Public to have input in link Riverstone to Commonwealth
By Betsy Dolan
Public opinion will be a large component of the City of Sugar Land’s efforts to connect the rapidly growing Riverstone Development in its extraterritorial jurisdiction with the Sweetwater area on Commonwealth Boulevard.
The City Council agreed on October 16 to spend almost $90,000 on a transportation study and traffic analysis for the area after the initial plan,which involved linking Riverstone to Commonwealth via LJ Parkway (formerly Spine Road) near Palm Royale, was sidelined due to resident opposition and to legal hurdles involving utility components in the area. The study by Kimley, Horn and Associates, will involve at least three public meetings and will look at all of the options in the area, including the city’s investment in University Boulevard.
“We need to look at additional things like how to incorporate University Boulevard and the continuation of it … tying Highway 6 all the way back to 59 and eventually to 90A on the north side of town,” said Chip Steubing, City Engineer. The study will include LJ Parkway, University, Scenic Rivers, Commonweath Boulevard, Austin Parkway and Palm Royale, Steubing said.
The city has plans to build 600 multi-family units in Riverstone which city engineers have said also increases the need for additional access in and out of the subdivision.
A 2003 development agreement between the city and Riverstone developer, Johnson Development, identified the need for an eventual link between Riverstone and Commonwealth. This summer, an updated Master Thoroughfare Plan, which included the LJ Parkway/Palm Royale link, made the rounds through Planning & Zoning and City Council. During public hearings, some residents spoke out against the plan, stating it would disrupt the quality of life in their neighborhoods.

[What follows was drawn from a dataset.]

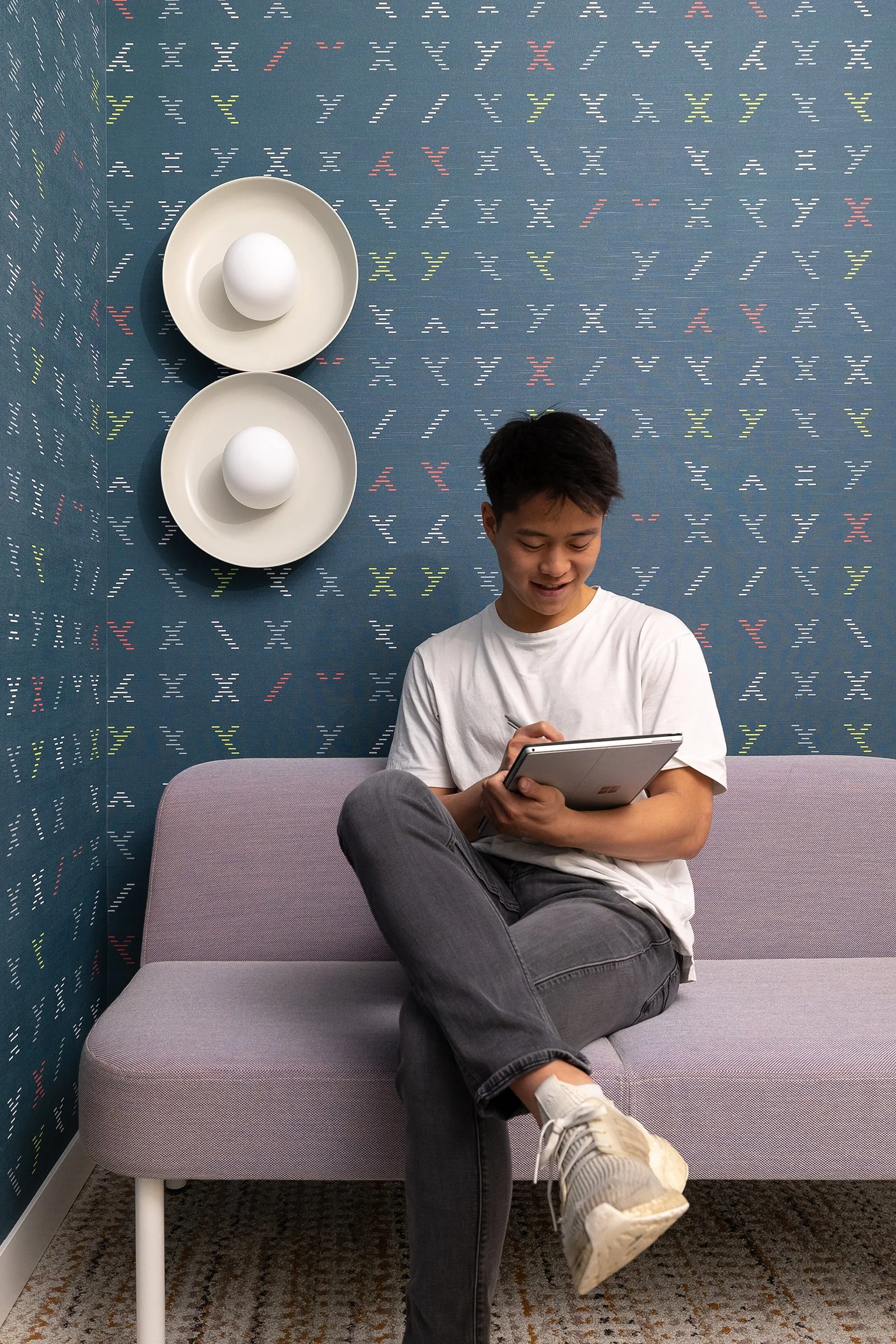 A young man sitting on a gray sofa with his legs crossed, looking at a tablet device while smiling. He is wearing a white t-shirt, dark jeans, and sneakers. The background features a blue wall with colorful, dotted 'X' and 'Y' patterns, and two white plates each with a white egg on top are mounted on the wall behind him.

An existing connection between Scenic Dr. (formerly Oil Field Road) and Commonwealth was suggested as an alternative and residents also wanted to reclassify Palm Royale as a minor collector road, instead of a major collector due to limited visibility from trees and curves in the road. After a speedy study, the city lowered Palm Royale’s speed limit from 40 mph to 35 mph in early October.
The new study will take approximately four months to complete. Homeowners and HOA’s will be contacted regarding public meetings on the issue.
“Our first traffic impact analysis was a 30,000 foot view,” Steubing said. “Now we want to take it down to get better detail on travel demand, and the traffic situation in that area with their development and growth.”